## WHAT IS REQUIRED
Below are records to give again exactly; omit each image they contain.

## EXTRACTED INFORMATION
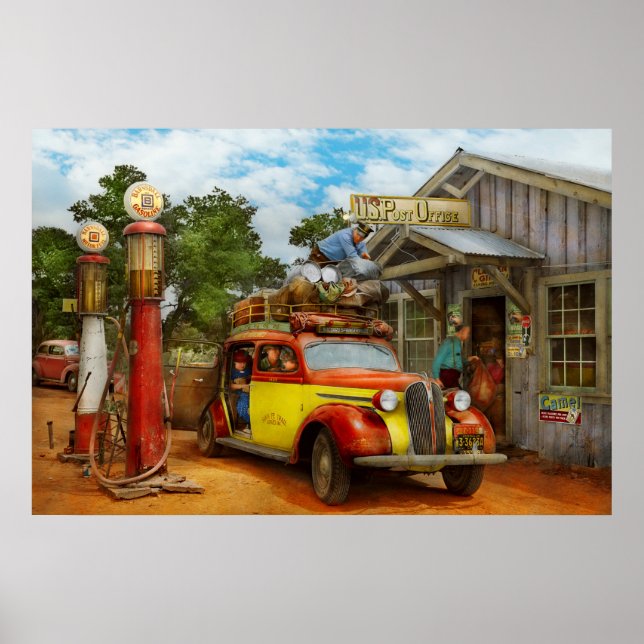 Tankstelle - Neulieferung nach Pie Town 1940 Poster (Vorne)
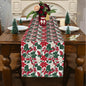 Red and White Poinsettia Flowers Polyester Table Runner - DeRose Seasonal
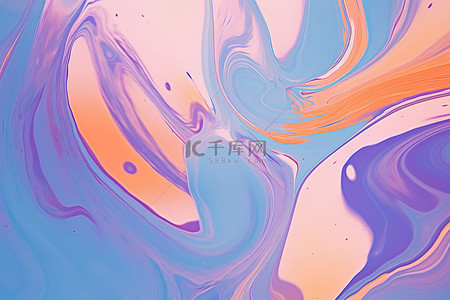 紫蓝色和橙色漩涡的抽象水彩画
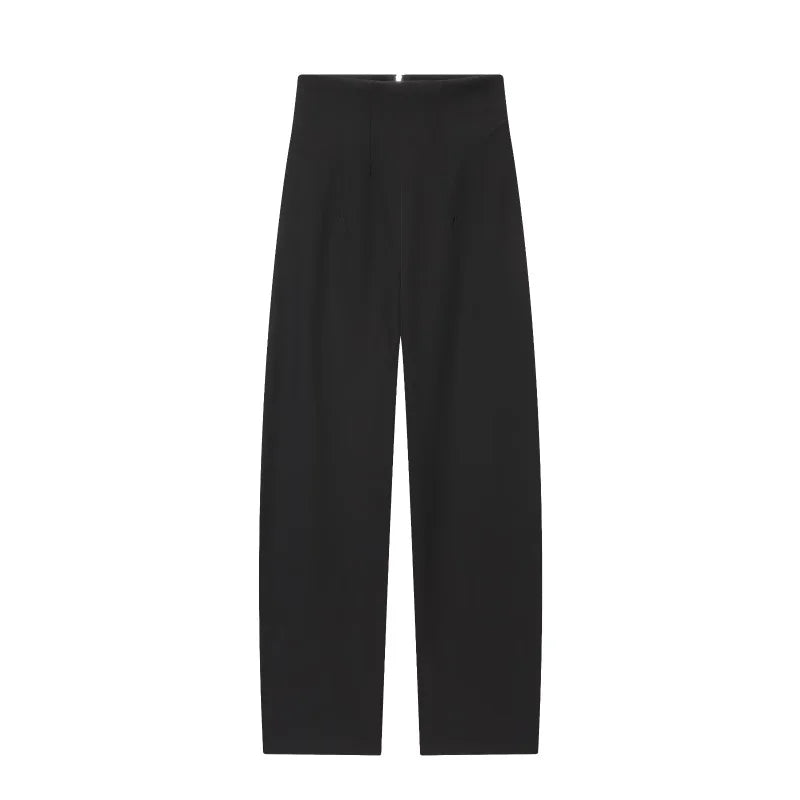 Three-dimensional cut high collar slim suit jacket & matching casual trousers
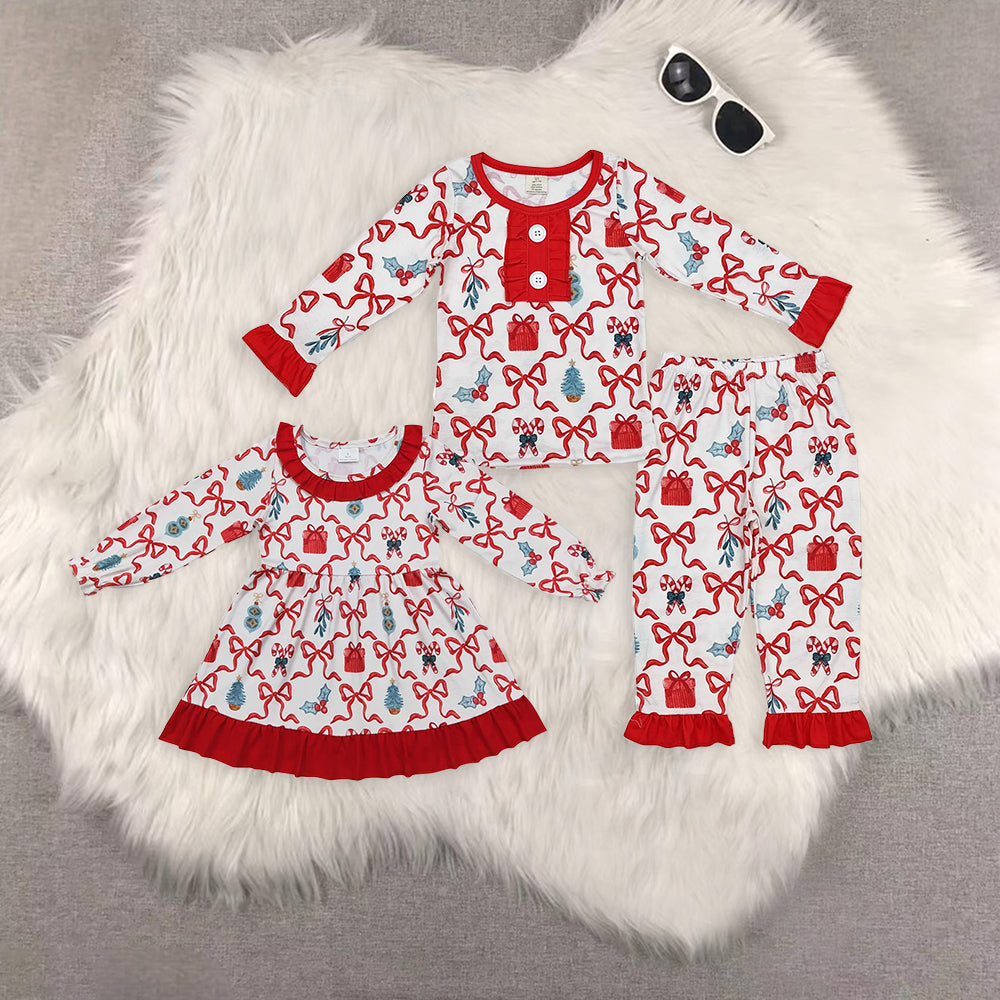 RTS NO MOQ Sibling baby girls clothes Christmas bow gifts red long-sleeved trousers suit & dress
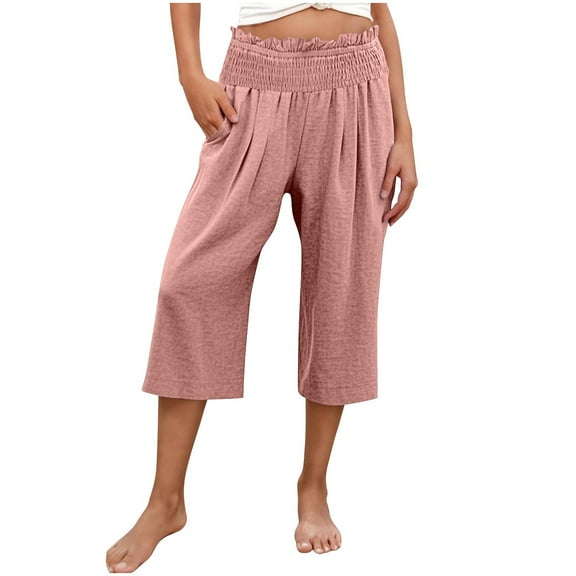 Plebaso Women's Capri Pants Smocked High Waist Casual Capris Summer Loose Cropped Pants with Pockets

## EXERCISE RESULT
 Tankstelle - Neulieferung nach Pie Town 1940 Poster (Vorne)
 Red and White Poinsettia Flowers Polyester Table Runner - DeRose Seasonal
 紫蓝色和橙色漩涡的抽象水彩画
 Three-dimensional cut high collar slim suit jacket & matching casual trousers
 RTS NO MOQ Sibling baby girls clothes Christmas bow gifts red long-sleeved trousers suit & dress
 Plebaso Women's Capri Pants Smocked High Waist Casual Capris Summer Loose Cropped Pants with Pockets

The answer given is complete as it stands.